Crawled caption data:
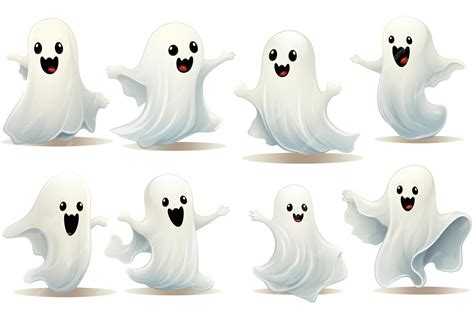 Premium Photo | Funny white Halloween ghosts clip art isolated on white ...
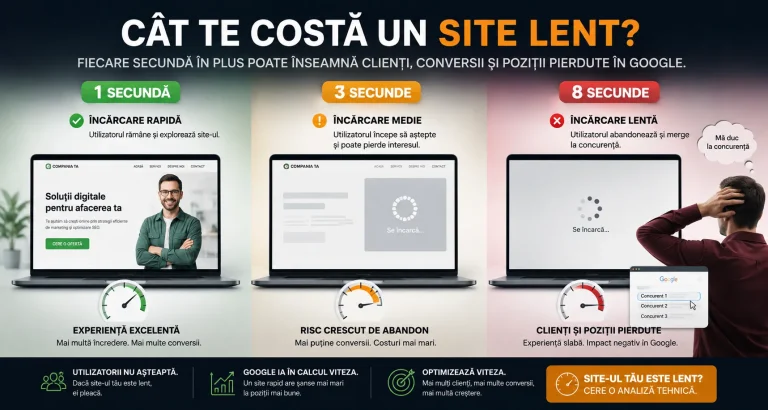 De ce site-urile lente pierd clienți și poziții în Google Site lent comparat la 1 secundă, 3 secunde și 8 secunde timp de încărcare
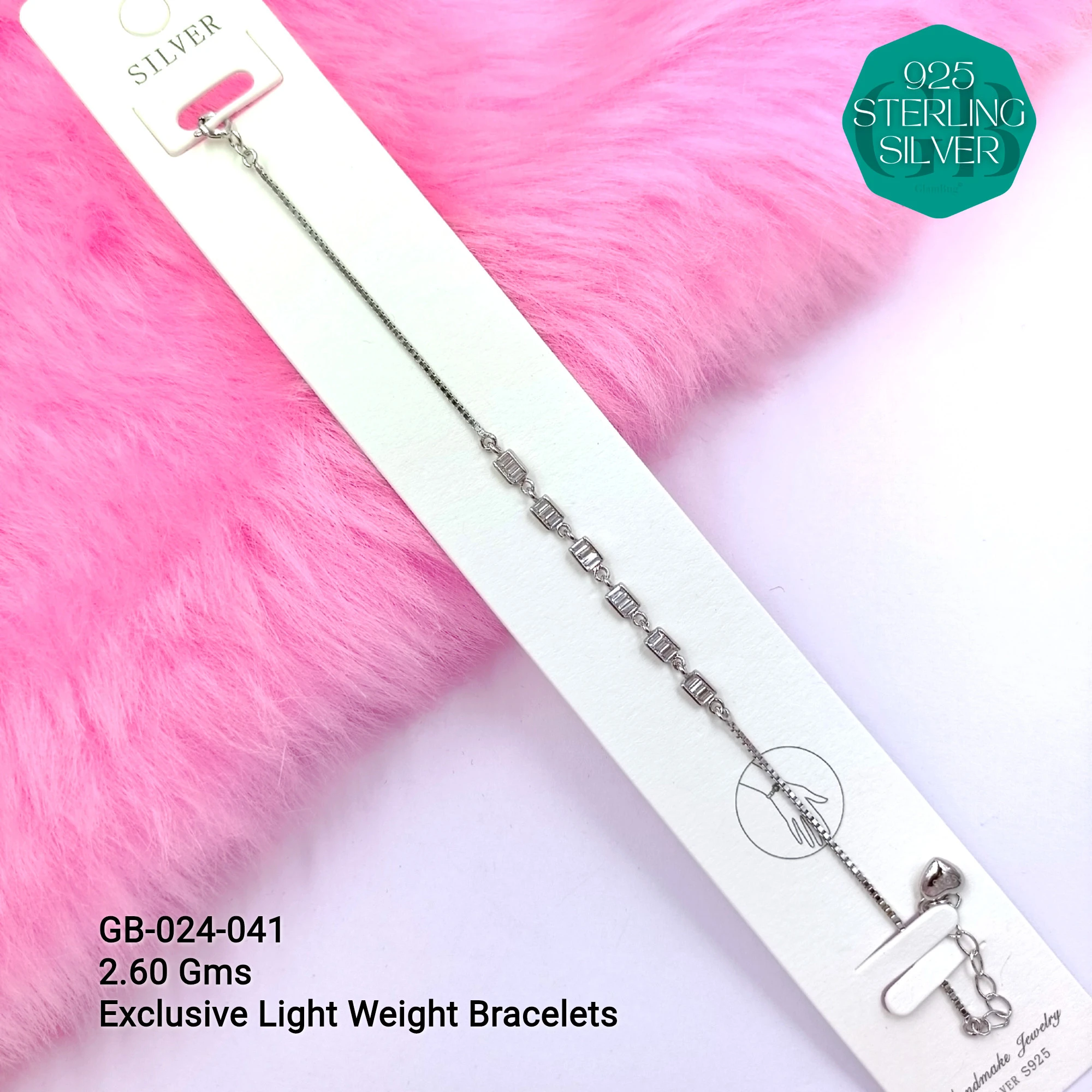 LUXURY ZIRCON EXCLUSIVE BRACELETS - Premium 925 Silver Jewellery - SKU: GB-024-041 - Hyderabad Silver Importers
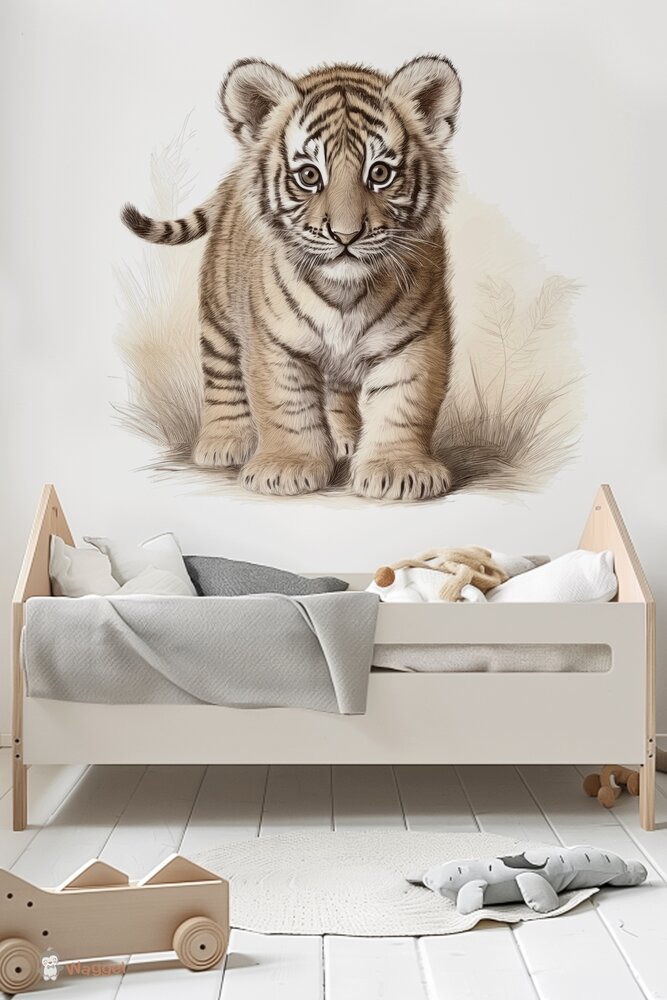 Behang Jungle naturel tijgertje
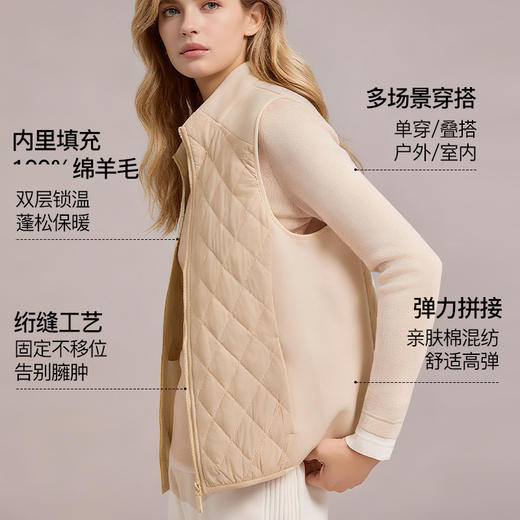 官网2800！M家秋冬轻暖菱形格拼接抓绒立领外穿女士马甲绵羊毛夹层叠穿保暖背心 商品图0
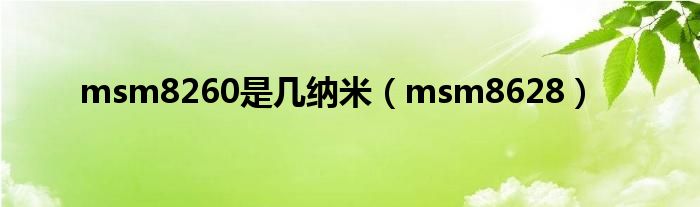 msm8260是几纳米(msm8628)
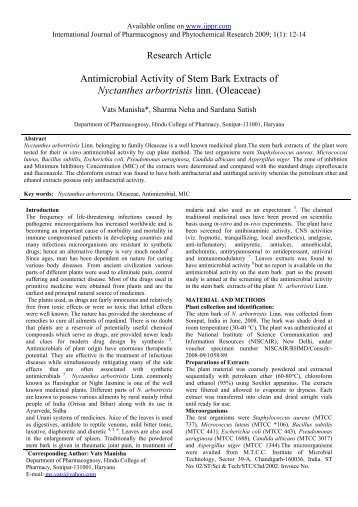 Antimicrobial Activity of Stem Bark Extracts of Nyctanthes arbortristis ...
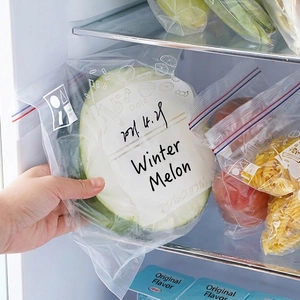Thickened double-seal transparent food storage bags with writing area for kitchen fridge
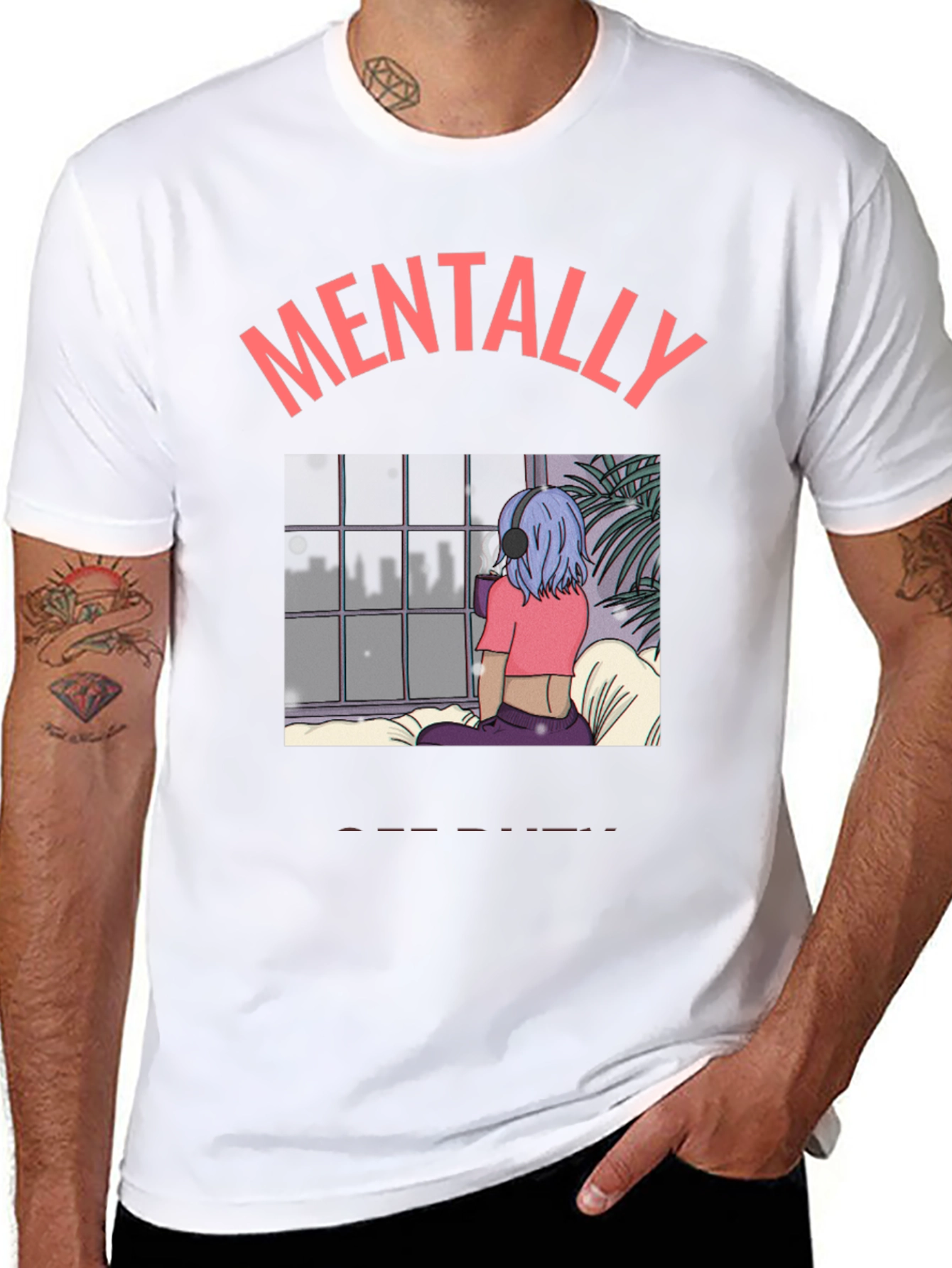 Black Mentally Elsewhere Graphic Tee - Unisex Black T-Shirt view 8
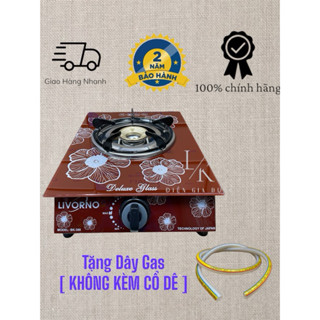 Bếp gas đơn kính chén nhôm LIVORNO - BK380N [ TẶNG KÈM DÂY GAS ]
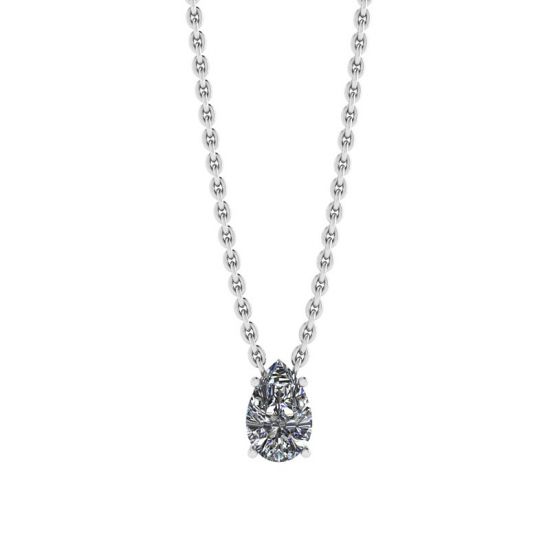 Pear Diamond Solitaire Necklace on Thin Chain, Enlarge image 1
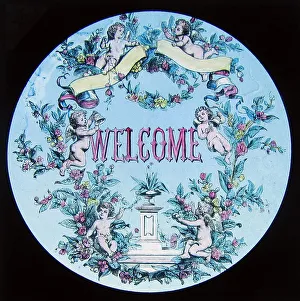 Victorian Magic Lantern Slide Welcome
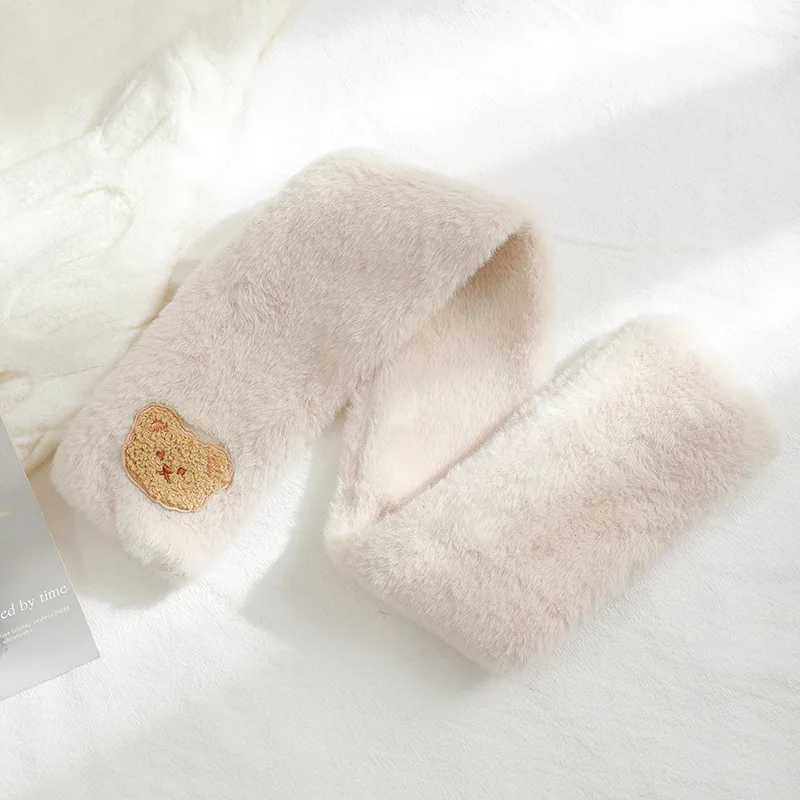 Scarves Wraps Cute Bear Embroidered Baby Scarf Winter Warm Plush Toddler Neckerchief Korean Cartoon Imitation Rabbit Fur Kids Scarves H241213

▶ Activity:
Please return exactly, and only, the lines from the one containing "Bếp gas đơn" through the end of the records, with both end lines kept and every picture dropped.

▶ Result of the exercise:
 Bếp gas đơn kính chén nhôm LIVORNO - BK380N [ TẶNG KÈM DÂY GAS ]
 Pear Diamond Solitaire Necklace on Thin Chain, Enlarge image 1
 Victorian Magic Lantern Slide Welcome
 Scarves Wraps Cute Bear Embroidered Baby Scarf Winter Warm Plush Toddler Neckerchief Korean Cartoon Imitation Rabbit Fur Kids Scarves H241213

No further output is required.